■ Data to process ■
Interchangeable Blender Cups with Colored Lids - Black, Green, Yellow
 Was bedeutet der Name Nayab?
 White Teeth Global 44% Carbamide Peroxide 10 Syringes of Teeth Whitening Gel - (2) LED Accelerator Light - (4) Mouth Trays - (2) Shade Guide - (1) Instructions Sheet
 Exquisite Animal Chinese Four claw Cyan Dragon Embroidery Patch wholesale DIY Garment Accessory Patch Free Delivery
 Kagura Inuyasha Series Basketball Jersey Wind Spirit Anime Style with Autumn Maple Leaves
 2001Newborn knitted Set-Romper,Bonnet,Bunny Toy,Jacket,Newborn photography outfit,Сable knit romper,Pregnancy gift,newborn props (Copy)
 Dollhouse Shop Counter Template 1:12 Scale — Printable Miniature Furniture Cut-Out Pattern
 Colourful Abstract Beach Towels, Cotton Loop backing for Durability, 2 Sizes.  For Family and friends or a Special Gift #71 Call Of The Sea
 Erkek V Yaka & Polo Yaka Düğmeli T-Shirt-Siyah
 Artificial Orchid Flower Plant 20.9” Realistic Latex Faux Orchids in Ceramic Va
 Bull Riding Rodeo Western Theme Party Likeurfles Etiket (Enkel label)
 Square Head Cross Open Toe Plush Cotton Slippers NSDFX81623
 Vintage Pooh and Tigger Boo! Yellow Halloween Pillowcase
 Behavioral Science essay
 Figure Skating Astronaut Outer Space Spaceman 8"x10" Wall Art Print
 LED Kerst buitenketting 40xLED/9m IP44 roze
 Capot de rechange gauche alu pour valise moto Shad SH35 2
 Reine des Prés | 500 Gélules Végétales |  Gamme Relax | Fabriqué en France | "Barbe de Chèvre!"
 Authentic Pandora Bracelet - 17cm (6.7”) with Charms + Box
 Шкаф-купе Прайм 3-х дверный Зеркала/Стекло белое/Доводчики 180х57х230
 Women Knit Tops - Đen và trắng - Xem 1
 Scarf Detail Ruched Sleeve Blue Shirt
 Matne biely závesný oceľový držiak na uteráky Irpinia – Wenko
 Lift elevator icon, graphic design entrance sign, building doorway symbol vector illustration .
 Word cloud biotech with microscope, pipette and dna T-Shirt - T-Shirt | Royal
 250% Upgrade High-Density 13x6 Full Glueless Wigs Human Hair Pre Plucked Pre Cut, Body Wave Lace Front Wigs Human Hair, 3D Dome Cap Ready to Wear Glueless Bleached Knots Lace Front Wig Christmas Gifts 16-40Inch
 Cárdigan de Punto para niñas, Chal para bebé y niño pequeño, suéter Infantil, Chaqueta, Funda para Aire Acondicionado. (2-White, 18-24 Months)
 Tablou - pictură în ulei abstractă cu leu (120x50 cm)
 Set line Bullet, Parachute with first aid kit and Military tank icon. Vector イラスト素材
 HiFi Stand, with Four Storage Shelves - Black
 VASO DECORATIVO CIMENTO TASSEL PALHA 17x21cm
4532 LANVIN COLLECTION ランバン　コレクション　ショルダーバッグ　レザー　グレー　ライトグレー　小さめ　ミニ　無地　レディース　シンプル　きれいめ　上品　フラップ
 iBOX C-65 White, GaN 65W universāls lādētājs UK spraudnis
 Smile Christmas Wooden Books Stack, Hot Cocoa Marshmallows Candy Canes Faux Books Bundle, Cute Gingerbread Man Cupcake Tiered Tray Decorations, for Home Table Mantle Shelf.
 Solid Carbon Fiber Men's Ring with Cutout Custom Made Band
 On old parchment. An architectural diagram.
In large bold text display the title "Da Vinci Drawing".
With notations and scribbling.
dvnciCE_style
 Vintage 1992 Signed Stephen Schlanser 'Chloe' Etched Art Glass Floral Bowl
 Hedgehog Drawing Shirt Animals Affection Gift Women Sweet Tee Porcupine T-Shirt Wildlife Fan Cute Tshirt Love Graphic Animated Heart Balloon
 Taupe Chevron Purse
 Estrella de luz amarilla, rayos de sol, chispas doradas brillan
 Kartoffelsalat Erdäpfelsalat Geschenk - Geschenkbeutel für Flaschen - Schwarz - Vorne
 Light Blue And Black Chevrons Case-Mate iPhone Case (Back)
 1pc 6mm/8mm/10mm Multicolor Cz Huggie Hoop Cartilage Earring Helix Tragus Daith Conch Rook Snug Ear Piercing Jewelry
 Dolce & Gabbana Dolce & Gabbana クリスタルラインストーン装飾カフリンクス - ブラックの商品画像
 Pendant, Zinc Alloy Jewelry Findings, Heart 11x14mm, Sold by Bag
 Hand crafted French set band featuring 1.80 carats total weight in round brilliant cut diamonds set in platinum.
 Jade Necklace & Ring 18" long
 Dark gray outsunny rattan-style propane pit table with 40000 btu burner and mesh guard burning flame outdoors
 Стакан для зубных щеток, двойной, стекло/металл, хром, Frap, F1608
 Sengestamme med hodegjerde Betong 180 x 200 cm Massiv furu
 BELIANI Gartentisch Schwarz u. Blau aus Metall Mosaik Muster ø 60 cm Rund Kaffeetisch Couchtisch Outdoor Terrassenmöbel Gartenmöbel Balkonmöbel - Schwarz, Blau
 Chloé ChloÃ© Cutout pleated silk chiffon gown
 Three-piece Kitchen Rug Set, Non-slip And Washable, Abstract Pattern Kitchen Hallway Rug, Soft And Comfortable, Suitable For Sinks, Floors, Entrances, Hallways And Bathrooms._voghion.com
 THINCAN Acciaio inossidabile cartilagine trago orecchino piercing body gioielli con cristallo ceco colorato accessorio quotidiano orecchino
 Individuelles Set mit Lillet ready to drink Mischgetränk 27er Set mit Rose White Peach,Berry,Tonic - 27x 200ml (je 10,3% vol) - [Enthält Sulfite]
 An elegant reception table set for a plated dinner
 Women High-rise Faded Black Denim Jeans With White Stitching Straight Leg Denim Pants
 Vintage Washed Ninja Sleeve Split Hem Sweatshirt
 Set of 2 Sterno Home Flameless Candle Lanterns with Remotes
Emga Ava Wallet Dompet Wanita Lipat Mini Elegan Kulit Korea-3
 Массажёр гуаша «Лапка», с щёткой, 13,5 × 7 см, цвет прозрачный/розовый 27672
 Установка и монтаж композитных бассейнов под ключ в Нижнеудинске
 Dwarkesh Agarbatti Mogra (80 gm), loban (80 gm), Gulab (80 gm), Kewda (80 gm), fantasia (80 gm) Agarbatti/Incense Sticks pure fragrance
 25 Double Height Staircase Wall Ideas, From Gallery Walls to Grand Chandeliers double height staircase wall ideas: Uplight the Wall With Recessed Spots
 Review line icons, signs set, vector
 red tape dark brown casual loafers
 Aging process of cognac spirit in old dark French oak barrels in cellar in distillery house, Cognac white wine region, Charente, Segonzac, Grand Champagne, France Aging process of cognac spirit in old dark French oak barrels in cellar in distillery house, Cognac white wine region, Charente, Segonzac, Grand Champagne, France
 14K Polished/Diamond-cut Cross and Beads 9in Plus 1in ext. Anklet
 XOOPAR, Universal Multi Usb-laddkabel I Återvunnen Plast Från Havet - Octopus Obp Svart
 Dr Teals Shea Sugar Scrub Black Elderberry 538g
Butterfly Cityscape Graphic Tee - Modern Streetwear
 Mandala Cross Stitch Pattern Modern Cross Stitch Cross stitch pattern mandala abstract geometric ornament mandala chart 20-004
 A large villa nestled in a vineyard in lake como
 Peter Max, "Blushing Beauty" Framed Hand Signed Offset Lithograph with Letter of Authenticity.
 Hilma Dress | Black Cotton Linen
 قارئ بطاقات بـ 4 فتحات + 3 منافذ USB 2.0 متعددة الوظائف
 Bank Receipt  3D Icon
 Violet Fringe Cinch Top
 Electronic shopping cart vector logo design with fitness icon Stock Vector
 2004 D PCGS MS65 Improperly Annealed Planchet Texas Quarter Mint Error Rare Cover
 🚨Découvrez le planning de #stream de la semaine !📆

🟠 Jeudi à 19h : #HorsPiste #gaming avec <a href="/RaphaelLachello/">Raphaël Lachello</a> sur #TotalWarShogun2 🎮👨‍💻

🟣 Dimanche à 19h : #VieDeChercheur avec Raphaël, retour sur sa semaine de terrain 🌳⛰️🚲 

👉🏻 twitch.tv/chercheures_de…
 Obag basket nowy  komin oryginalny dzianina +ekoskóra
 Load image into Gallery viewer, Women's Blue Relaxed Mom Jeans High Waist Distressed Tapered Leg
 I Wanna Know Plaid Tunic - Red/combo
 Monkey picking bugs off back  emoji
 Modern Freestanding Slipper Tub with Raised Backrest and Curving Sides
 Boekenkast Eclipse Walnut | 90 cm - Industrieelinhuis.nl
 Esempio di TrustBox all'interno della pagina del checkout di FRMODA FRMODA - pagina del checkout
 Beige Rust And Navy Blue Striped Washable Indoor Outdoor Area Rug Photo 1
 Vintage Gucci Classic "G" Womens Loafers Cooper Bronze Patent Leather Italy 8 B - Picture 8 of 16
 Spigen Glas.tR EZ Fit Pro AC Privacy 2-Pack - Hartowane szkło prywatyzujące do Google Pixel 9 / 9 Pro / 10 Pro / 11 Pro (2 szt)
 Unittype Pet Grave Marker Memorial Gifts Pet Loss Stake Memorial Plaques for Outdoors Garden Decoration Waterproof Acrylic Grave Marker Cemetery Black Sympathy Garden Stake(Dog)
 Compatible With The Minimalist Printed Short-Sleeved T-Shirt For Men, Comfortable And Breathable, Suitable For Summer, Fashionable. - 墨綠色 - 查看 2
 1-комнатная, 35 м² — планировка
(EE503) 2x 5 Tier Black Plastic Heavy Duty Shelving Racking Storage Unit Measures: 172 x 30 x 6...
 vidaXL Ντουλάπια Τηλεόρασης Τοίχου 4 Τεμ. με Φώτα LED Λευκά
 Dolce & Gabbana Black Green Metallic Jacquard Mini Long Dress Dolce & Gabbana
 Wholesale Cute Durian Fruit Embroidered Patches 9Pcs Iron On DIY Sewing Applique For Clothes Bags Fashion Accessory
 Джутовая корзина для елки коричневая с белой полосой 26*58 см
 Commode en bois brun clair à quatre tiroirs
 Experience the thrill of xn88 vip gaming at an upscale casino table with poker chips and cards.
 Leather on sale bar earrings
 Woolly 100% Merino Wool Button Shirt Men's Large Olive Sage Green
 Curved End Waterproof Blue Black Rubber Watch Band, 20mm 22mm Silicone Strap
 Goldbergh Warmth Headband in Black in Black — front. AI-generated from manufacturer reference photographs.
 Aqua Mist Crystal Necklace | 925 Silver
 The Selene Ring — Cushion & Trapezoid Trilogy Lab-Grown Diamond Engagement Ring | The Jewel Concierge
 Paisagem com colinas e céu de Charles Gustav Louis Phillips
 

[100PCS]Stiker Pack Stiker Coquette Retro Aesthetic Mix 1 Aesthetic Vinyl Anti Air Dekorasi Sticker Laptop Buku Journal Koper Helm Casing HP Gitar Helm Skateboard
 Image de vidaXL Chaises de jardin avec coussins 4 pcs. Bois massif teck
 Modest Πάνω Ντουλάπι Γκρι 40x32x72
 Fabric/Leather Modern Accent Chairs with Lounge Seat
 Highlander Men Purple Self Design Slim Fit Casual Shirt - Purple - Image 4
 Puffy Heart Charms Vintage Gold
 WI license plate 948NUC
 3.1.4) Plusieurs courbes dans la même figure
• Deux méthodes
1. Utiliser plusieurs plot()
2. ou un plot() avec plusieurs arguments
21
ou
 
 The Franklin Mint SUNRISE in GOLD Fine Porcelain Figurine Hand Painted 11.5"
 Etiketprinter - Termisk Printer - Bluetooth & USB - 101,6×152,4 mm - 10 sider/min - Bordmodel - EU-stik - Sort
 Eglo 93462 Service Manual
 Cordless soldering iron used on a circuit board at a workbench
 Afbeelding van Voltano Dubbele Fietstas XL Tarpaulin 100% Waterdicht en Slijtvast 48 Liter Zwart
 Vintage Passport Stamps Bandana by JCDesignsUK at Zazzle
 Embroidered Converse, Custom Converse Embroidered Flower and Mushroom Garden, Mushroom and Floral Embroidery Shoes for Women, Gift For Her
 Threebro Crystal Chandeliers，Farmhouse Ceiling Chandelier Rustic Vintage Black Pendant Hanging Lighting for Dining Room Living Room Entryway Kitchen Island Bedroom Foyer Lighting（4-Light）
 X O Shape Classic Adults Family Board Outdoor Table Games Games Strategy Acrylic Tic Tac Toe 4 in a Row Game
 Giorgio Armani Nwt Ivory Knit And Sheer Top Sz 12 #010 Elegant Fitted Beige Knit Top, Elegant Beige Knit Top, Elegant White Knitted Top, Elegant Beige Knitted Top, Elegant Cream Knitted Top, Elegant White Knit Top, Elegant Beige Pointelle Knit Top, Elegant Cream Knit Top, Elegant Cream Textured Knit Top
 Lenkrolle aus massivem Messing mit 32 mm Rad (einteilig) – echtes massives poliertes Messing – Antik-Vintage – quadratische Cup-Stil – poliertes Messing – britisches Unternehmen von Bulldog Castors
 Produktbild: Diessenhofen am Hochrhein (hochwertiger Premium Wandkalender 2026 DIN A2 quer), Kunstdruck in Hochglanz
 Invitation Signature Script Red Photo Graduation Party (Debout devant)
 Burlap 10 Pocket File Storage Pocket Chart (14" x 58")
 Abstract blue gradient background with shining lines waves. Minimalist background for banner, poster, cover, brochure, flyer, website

■ What you will do ■
Using the data above, transcribe the lines that run from the line with "Jade Necklace &" to the line with "Sengestamme med hodegjerde", both ends kept, and output nothing else.

■ Solution to the exercise ■
 Jade Necklace & Ring 18" long
 Dark gray outsunny rattan-style propane pit table with 40000 btu burner and mesh guard burning flame outdoors
 Стакан для зубных щеток, двойной, стекло/металл, хром, Frap, F1608
 Sengestamme med hodegjerde Betong 180 x 200 cm Massiv furu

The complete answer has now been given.